▸ Exercise aim:
Restate the records that follow word for word; no pictures should appear.

▸ Supplied data:

....

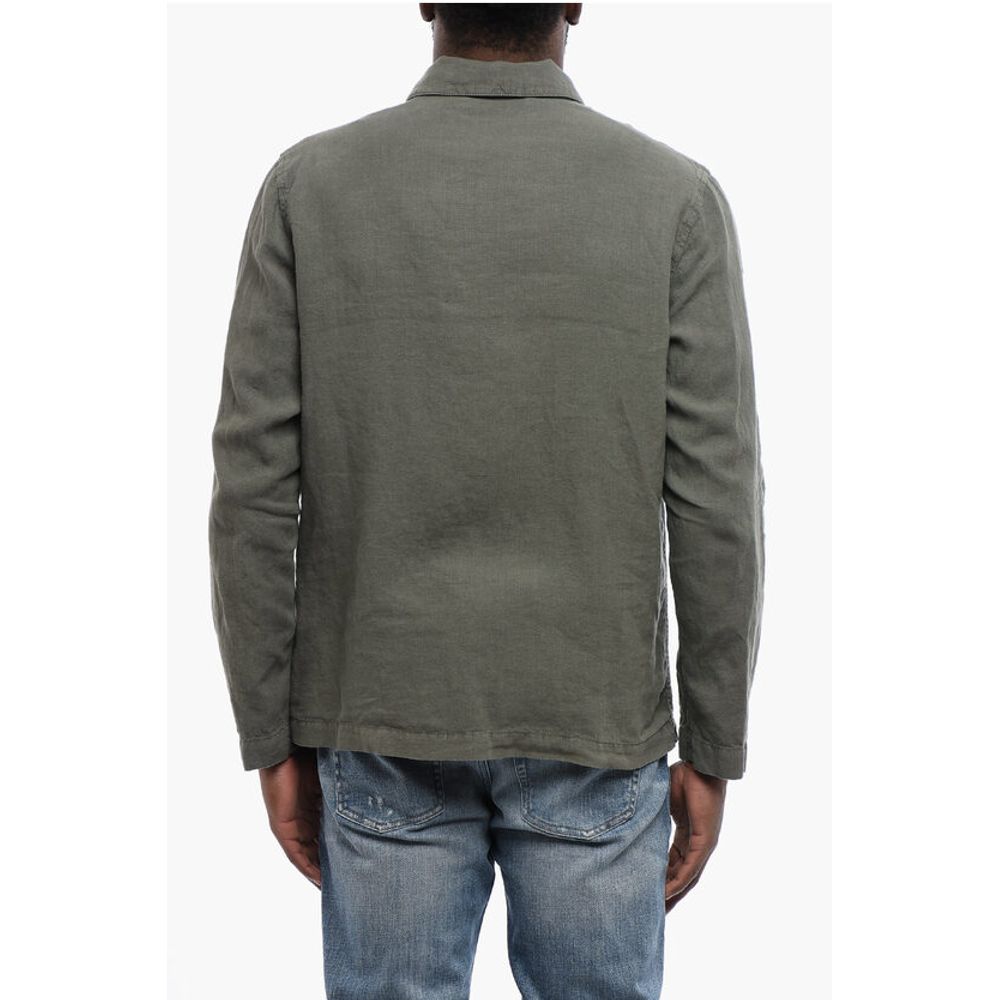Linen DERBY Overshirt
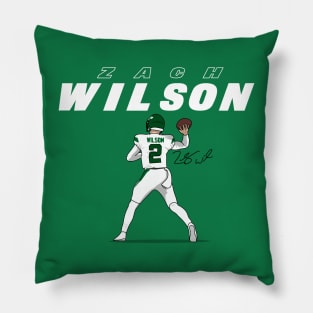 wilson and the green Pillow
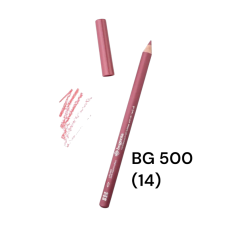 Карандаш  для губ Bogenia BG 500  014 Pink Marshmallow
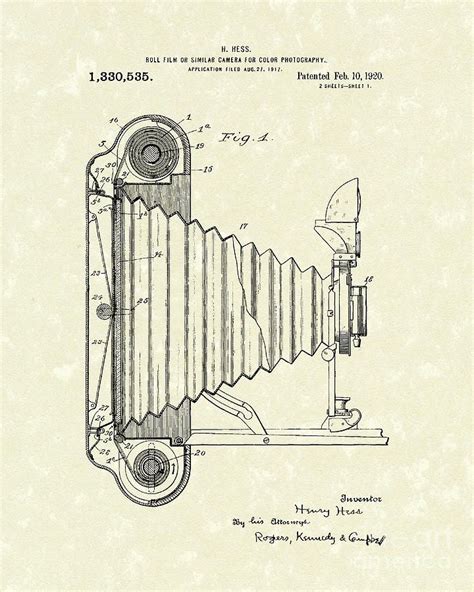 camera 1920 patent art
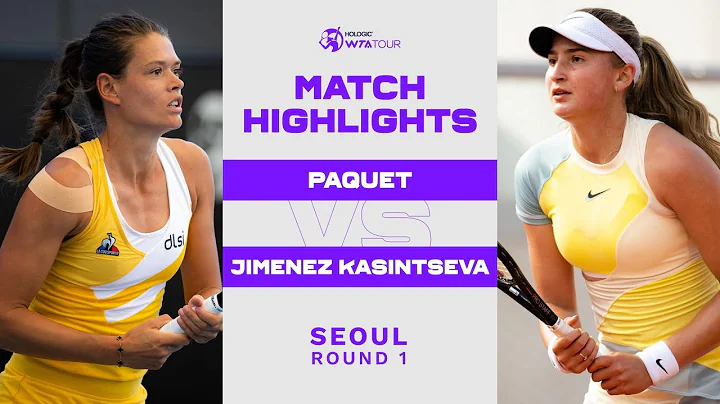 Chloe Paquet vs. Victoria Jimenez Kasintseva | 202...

....

▸ Solved exercise:
Linen DERBY Overshirt
 wilson and the green Pillow
 Карандаш  для губ Bogenia BG 500  014 Pink Marshmallow
 camera 1920 patent art
 Chloe Paquet vs. Victoria Jimenez Kasintseva | 202...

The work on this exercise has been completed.